- _DATA SECTION_
========
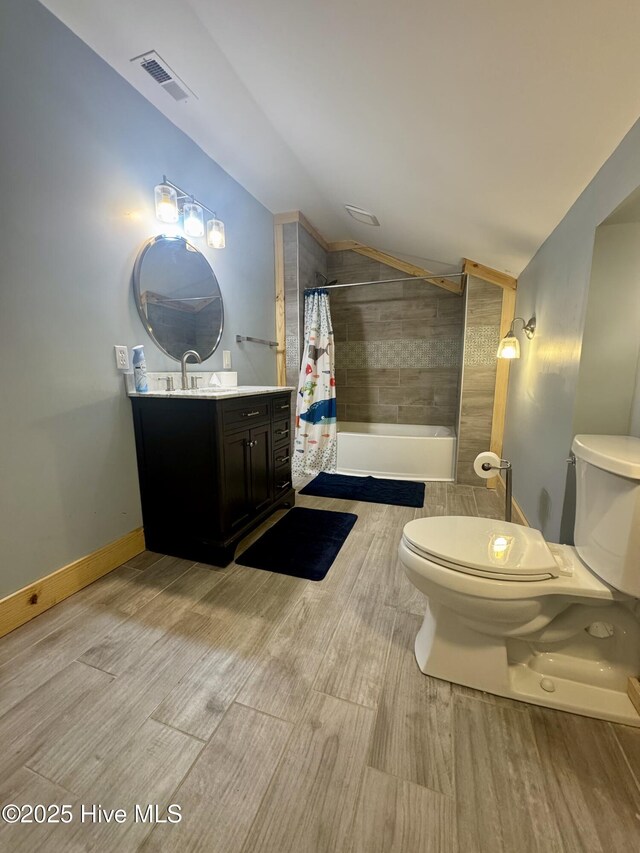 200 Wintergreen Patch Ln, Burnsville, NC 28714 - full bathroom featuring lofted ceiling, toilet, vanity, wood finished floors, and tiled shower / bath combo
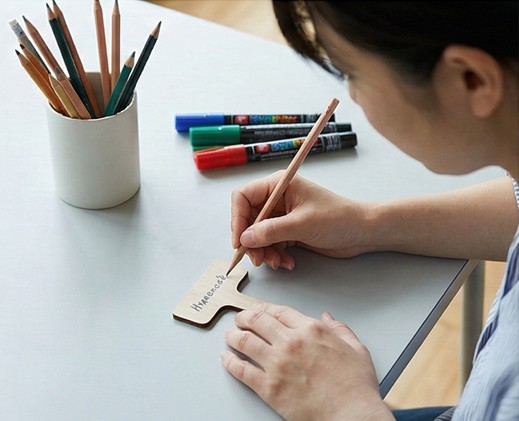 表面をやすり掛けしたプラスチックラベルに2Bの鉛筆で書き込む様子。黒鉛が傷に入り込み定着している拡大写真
========
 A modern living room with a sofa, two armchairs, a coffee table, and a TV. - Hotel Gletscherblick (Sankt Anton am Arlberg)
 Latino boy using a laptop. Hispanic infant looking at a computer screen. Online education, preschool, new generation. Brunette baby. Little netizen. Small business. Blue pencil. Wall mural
========
- _GOAL OF THE EXERCISE_
From the records above, extract exactly and only the lines that begin at the line with "A modern living" and stop after the line with "Latino boy using".

- _REPLY_
 A modern living room with a sofa, two armchairs, a coffee table, and a TV. - Hotel Gletscherblick (Sankt Anton am Arlberg)
 Latino boy using a laptop. Hispanic infant looking at a computer screen. Online education, preschool, new generation. Brunette baby. Little netizen. Small business. Blue pencil. Wall mural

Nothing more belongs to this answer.